§ **Task directions**: Exact copies of all the entries below are expected in the answer.

===== Material to process

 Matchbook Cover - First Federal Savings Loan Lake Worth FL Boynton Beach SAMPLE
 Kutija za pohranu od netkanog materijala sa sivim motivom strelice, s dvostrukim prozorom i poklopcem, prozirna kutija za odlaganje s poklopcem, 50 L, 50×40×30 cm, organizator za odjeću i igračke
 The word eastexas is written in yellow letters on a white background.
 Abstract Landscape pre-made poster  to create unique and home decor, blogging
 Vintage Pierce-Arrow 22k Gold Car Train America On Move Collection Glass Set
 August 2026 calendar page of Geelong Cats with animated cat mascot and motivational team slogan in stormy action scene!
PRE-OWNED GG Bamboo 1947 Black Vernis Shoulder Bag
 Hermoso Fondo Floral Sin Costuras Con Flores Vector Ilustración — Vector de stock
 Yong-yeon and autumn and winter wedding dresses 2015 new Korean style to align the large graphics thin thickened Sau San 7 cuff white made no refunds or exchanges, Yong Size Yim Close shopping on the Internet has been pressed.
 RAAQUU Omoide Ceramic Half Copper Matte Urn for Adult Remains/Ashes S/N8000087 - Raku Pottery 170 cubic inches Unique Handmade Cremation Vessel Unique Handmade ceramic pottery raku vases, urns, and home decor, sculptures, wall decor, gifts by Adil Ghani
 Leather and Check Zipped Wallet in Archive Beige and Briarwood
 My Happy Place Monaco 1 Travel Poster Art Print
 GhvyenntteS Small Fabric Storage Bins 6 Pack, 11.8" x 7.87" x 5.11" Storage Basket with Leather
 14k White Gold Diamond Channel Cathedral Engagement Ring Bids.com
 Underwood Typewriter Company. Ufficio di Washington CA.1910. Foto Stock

==========

§ **Output below**:
 Matchbook Cover - First Federal Savings Loan Lake Worth FL Boynton Beach SAMPLE
 Kutija za pohranu od netkanog materijala sa sivim motivom strelice, s dvostrukim prozorom i poklopcem, prozirna kutija za odlaganje s poklopcem, 50 L, 50×40×30 cm, organizator za odjeću i igračke
 The word eastexas is written in yellow letters on a white background.
 Abstract Landscape pre-made poster  to create unique and home decor, blogging
 Vintage Pierce-Arrow 22k Gold Car Train America On Move Collection Glass Set
 August 2026 calendar page of Geelong Cats with animated cat mascot and motivational team slogan in stormy action scene!
PRE-OWNED GG Bamboo 1947 Black Vernis Shoulder Bag
 Hermoso Fondo Floral Sin Costuras Con Flores Vector Ilustración — Vector de stock
 Yong-yeon and autumn and winter wedding dresses 2015 new Korean style to align the large graphics thin thickened Sau San 7 cuff white made no refunds or exchanges, Yong Size Yim Close shopping on the Internet has been pressed.
 RAAQUU Omoide Ceramic Half Copper Matte Urn for Adult Remains/Ashes S/N8000087 - Raku Pottery 170 cubic inches Unique Handmade Cremation Vessel Unique Handmade ceramic pottery raku vases, urns, and home decor, sculptures, wall decor, gifts by Adil Ghani
 Leather and Check Zipped Wallet in Archive Beige and Briarwood
 My Happy Place Monaco 1 Travel Poster Art Print
 GhvyenntteS Small Fabric Storage Bins 6 Pack, 11.8" x 7.87" x 5.11" Storage Basket with Leather
 14k White Gold Diamond Channel Cathedral Engagement Ring Bids.com
 Underwood Typewriter Company. Ufficio di Washington CA.1910. Foto Stock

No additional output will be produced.